Aussi, un mort, dans son établissement, cela fait désordre. Comme la police piétine et, surtout, comme il est suspecté et surveillé, le patron de la boîte va chercher à trouver le coupable lui-même.
Rien de bien neuf ni d'exaltant dans cette intrigue, donc, mais on ne peut pas s’attendre à mieux pour un fascicule de 64 pages qui contient un peu plus de 20 000 mots, d’autant que l’auteur s’attarde en cours de route pour installer son ambiance et conserver l’aura des romans dont il s’inspire.
Et, malgré une intrigue simple, Hautefort est obligé de faire des concessions pour tenir le format.
Ainsi, à plusieurs reprises, le lecteur a l’impression que l’auteur a coupé un peu brutalement dans le texte, oubliant un peu les règles de l’insertion des ellipses temporaires.
C’est notamment le cas pour la scène où le héros se rend à une réunion d’anciens élèves et qui s’achève brutalement à son arrivée aux portes de la ville pour enchaîner sans préambule sur une autre scène où le héros est de nouveau dans le « Lotus Bleu ».
C’est aussi le cas pour la scène finale dans laquelle on apprend qui est le meurtrier.
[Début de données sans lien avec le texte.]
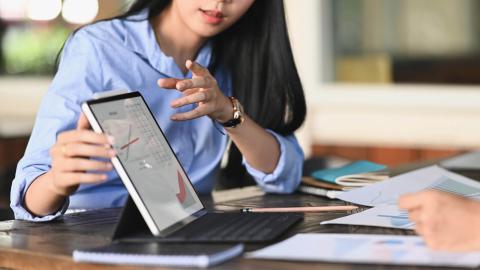 Woman presenting data on a tablet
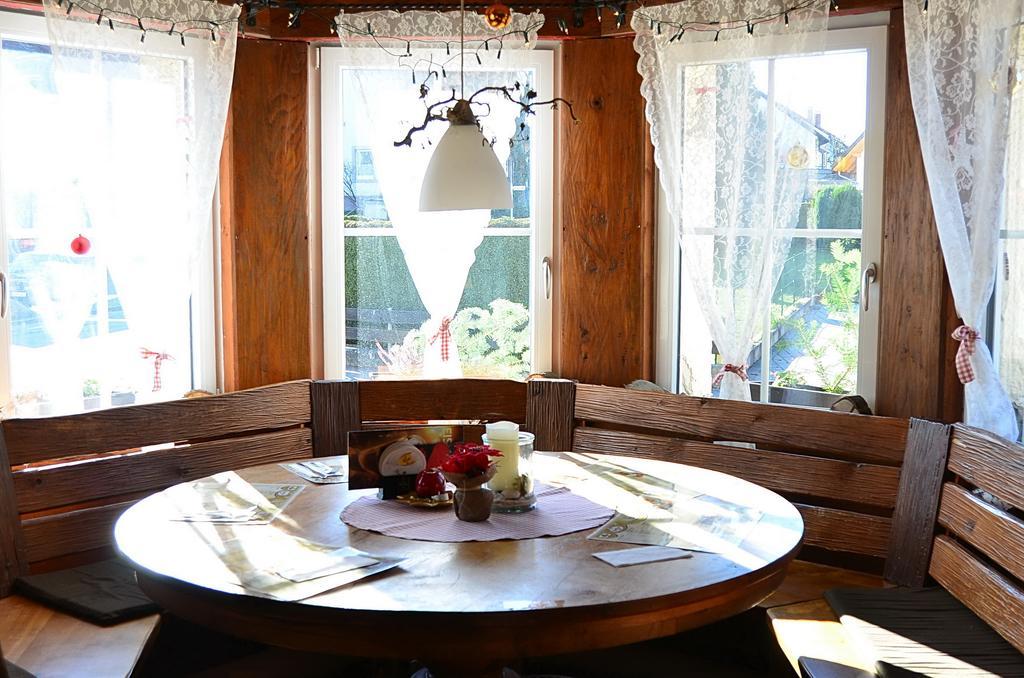 Hotel "Cafe Verkehrt" - Wellcome Motorbiker, Berufsleute Und Reisende Im Schwarzwald Oberhof  Eksteriør billede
Abrupte, pour le moins, cette séquence laisse un petit goût amer du fait d’un sentiment de « Tout ça pour ça ».
On ajoutera une absence quasi totale de description du personnage principal dont on ne sait rien, pas même, il me semble, le nom [du moins, je n’ai pas souvenir que celui-ci soit cité].
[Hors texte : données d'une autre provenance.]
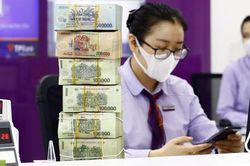 'Điểm mù' phía sau lợi nhuận ngành ngân hàng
Pour autant, et malgré ces défauts, souvent inhérents au format, il faut reconnaître que la lecture de ce petit polar est fort plaisante, notamment grâce à la qualité de la plume et au respect du genre dont l’auteur s’inspire.
Au final, malgré quelques défauts, un petit polar à l’américaine [même s’il se passe en Angleterre] agréable à lire.